Exercising the Brain after Stroke

What drives stroke recovery? This question is both complicated and profoundly simple. It’s complicated because recovery involves rewiring the brain, and the brain is...complicated. It’s simple because the brain rewires in response to very simple instructions. In fact, these instructions have been known to athletes, musicians and other skilled workers for thousands of years. 
In the rehab clinic, exercises are called "thera ex (short for therapeutic exercise).

Therapists usually want to know which are the best thera ex for helping stroke survivors recover.       Beyond exercising, the other big option used in clinics are collectively called handling techniques. Handling techniques are just like they sound, the therapist moves you. Handling techniques, if you believe the research, don't much help. (If they did, I'd pay someone to "handle me" into being a better skier!). Exercise, for its part, is great! Exercise makes the muscles that need strengthening, stronger. The problem is, exercise is only mildly effective at changing the brain-- and stroke is a brain injury. Let me put it this way: a muscle can be strong, but useless because it does not know what to do. "Muscle memory" does not exist. The brain controls while muscles can only do two things: contract and relax. It's the brain stupid. 

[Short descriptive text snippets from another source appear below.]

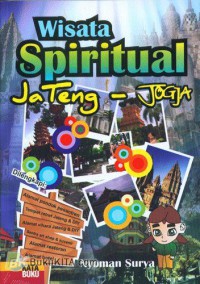 Image of Wisata Spiritual Jogja-Jateng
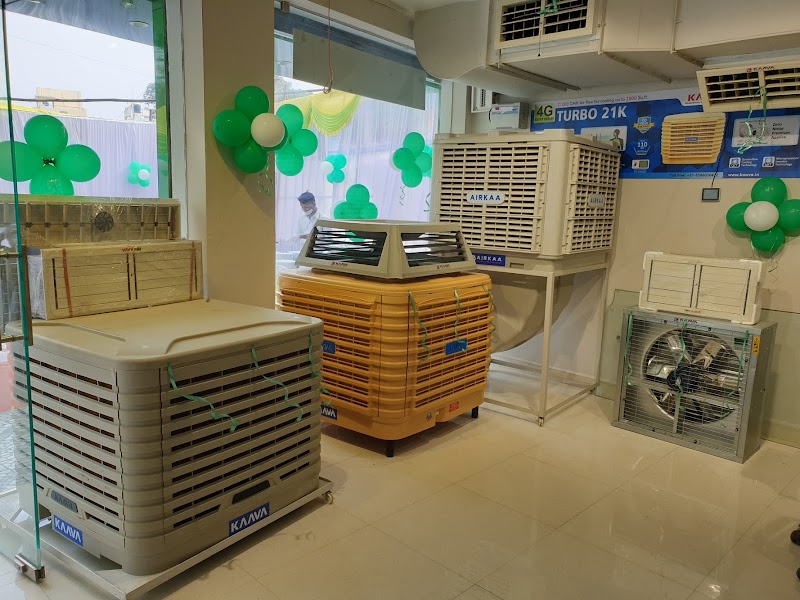 KAAVA BHAARAT JODHPUR - AC Service in Rawaton Ka Bass, Jodhpur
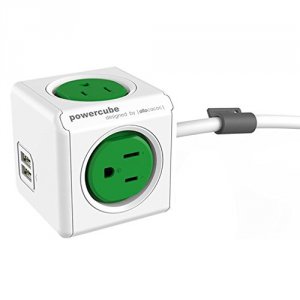 Power 4420GN/USEUPC 4-outlet Extended Dual Usb Ports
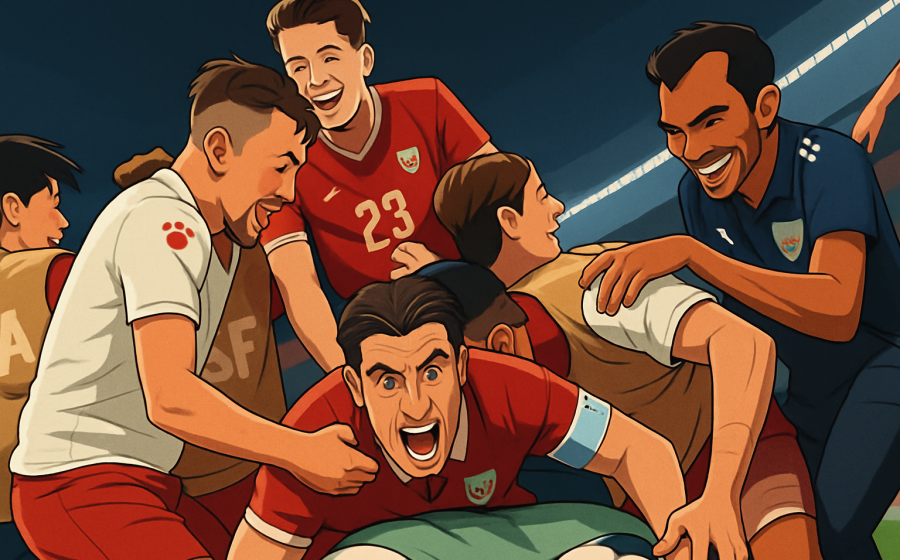 Timnas Indonesia Siap Hadapi Thailand di Final FIFA ASEAN Cup 2026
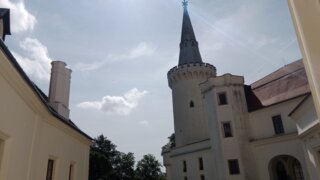 Na zámku v Boru u Tachova / 12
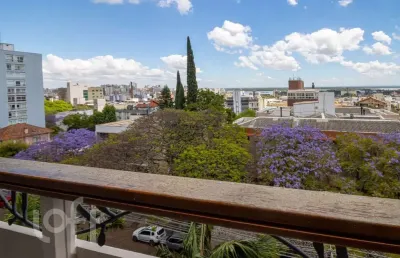 Apartamento com 3 quartos à venda na rua santo inácio, 195, moinhos de vento, porto alegre, 160 m2 por r$ 2.249.990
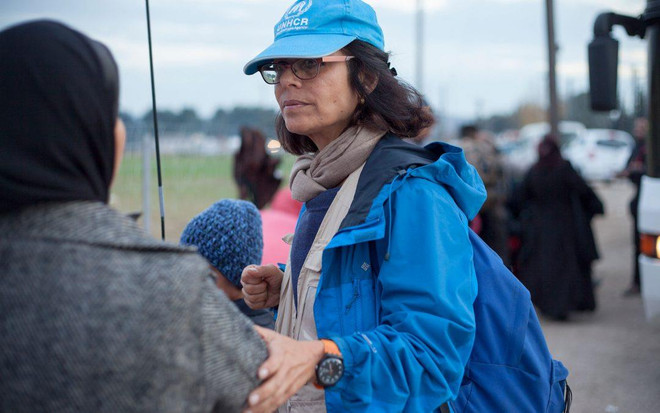 Ngày Nhân đạo thế giới: Tôn vinh những 'nữ anh hùng thầm lặng' ảnh 2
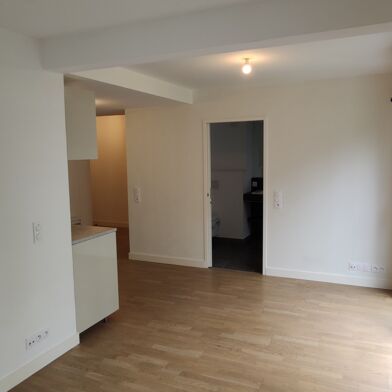 Appartement 1 pièce 32 m²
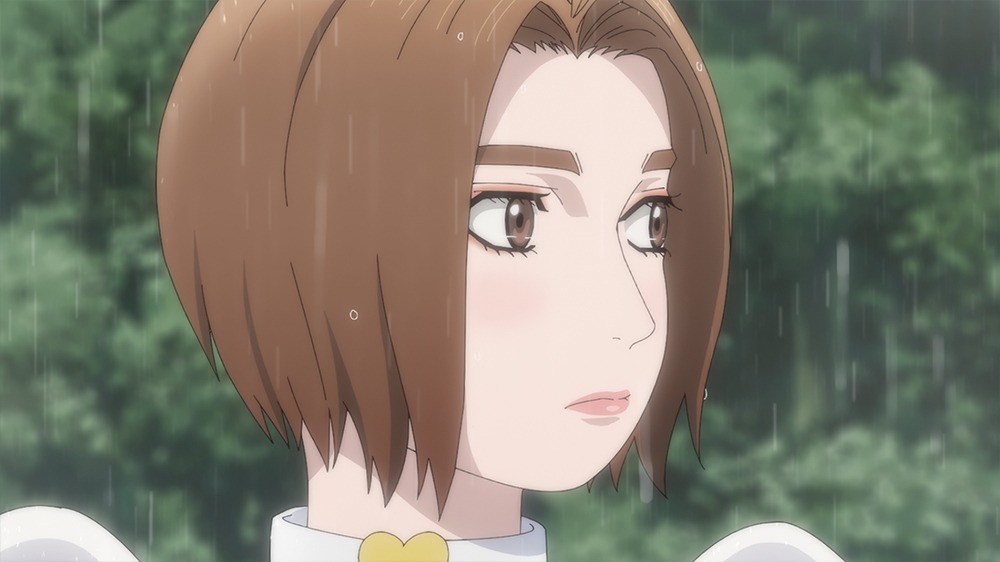 TVアニメ「『MFゴースト』2nd Season」第3弾PVより。 (c)しげの秀一・講談社／MF ゴースト製作委員会
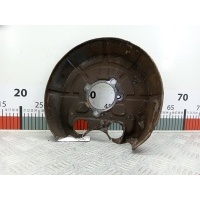 Кожух защитный тормозного диска Opel Signum (2003-2008) 2006 13168749,13168749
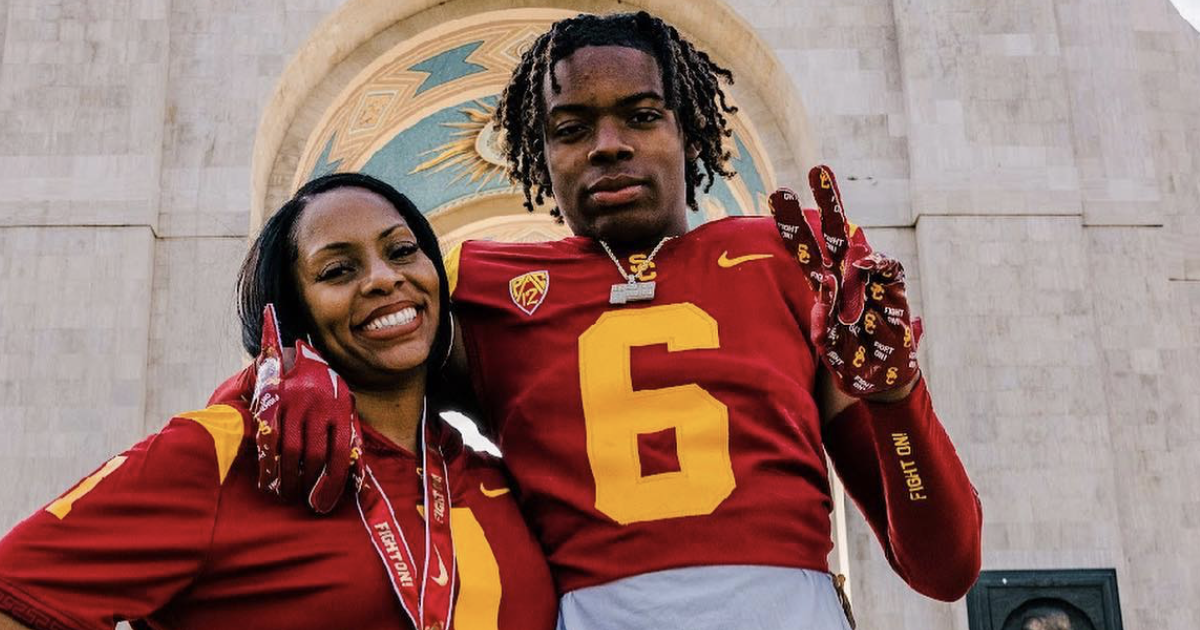 New USC commit Dakoda Fields now becoming recruiter; “It’s time to build this class up”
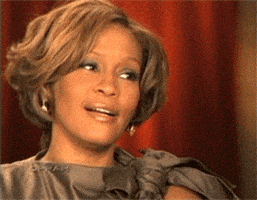 每日GIF(2021-02-12)的gif-Whitney Houston GIF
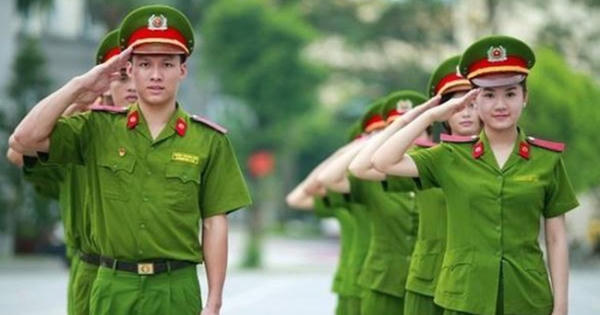 Bộ Công an "lên tiếng" việc 58 thí sinh trượt nguyện vọng 1 dù đạt trên 29,5 điểm Bộ Công an "lên tiếng" việc 58 thí sinh trượt nguyện vọng 1 dù đạt trên 29,5 điểm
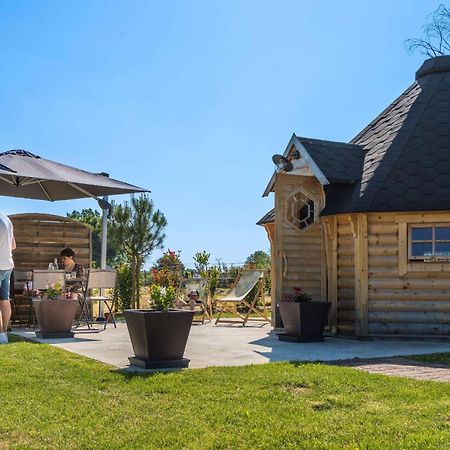 Chalets Clos Du Marais Chemille-en-Anjou Экстерьер фото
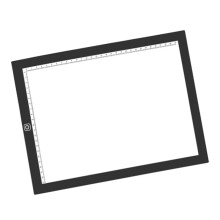 LED Light A4 Portable USB Power Three-Level Dimming Brightness LED for Artist Drawing Sketch Animation Production View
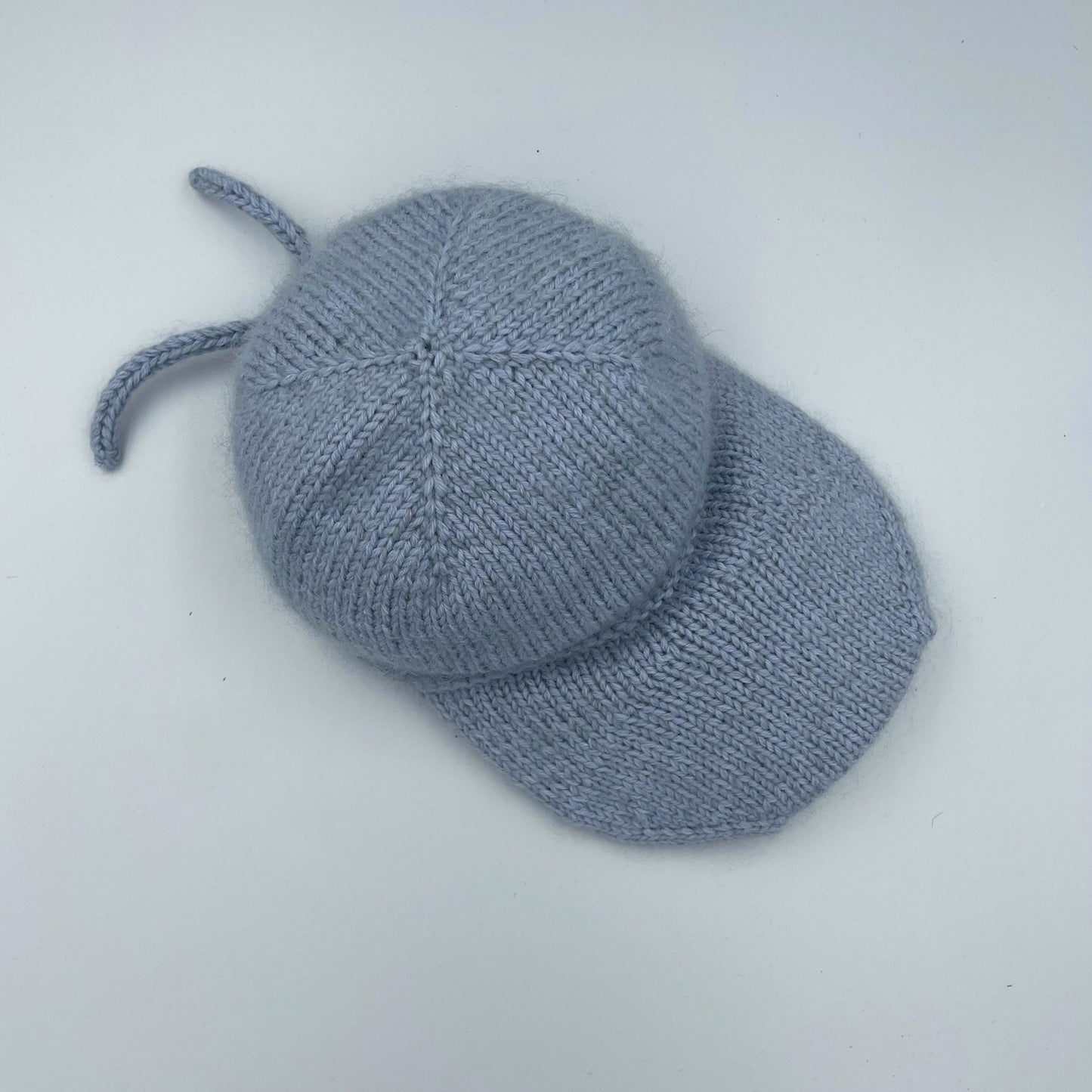 Pastel Winter Cap. Strikket kasket, strikkeopskrift fra Pastelkollektivet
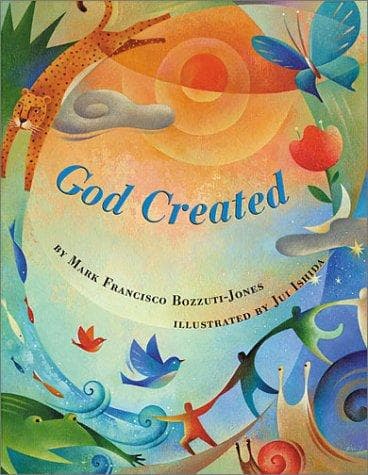 Tapa de God Created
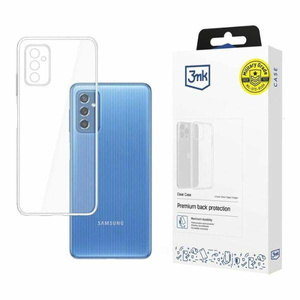 3MK Clear Case Samsung M52 5G M526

Consider the one stroke recovery option that has consistently done really well in research, constraint induced therapy (CIT). In CIT, there are no specific exercises. Movement is required, however. The movements required during CIT very little resemble thera ex because focus is on repetitive practice, not muscle strengthening. And there are no handling techniques. In fact, CIT is decidedly and pointedly hands-off. It is cause of some curiosity among researchers why this hands-off philosophy is so difficult for therapists to accept. The only way of driving cortical change towards recovery is through volitional efforts by the stroke survivor. These efforts are actively encouraged no matter how ugly, synergistic or uncoordinated they are. Edward Taub, the person who developed CIT is a psychologist. As he was developing CIT in animal models, handling techniques and exrcises may have been the furthest thing from his mind. The closest, certainly, was operant conditioning which does appear to change the brain. Stroke is a brain injury, not a problem specific to muscle weakness. The term “neuromuscular re-education” is used a lot in PT and OT. In fact, you can bill for it. But the term is a misnomer. If it was an honest term it would be "motor-cortical reduction", or "movement reeducation." Relearning how to move after stroke has little to do with the muscles and everything to do with the brain. Stroke recovery involves brain reeducation. Different focus, different organ, different paradigm, different rules, different outcome measures. 

2 comments:

Stroke Victor said...

Medical professionals all say it, “Stroke is a disease of minutes and seconds. Time lost is brain loss”. What do you recommend as a STROKE READINESS PLAN to save minutes and seconds?

Jim Sparks said...

After 3 years of post-stroke spasticity, I feel like my brain problems have become muscle problems. I think I recall reading a statement by you that spasticity causes muscles to take on characteristics of connective tissue, and this is the way the muscles on my affected side feel: no longer like muscle tissue. Even if by some miracle I woke up tomorrow free from the spasticity, I can't imagine they could ever regain any significant degree of elasticity. I'm just thankful they still respond to commands, albeit slowly and stiffly.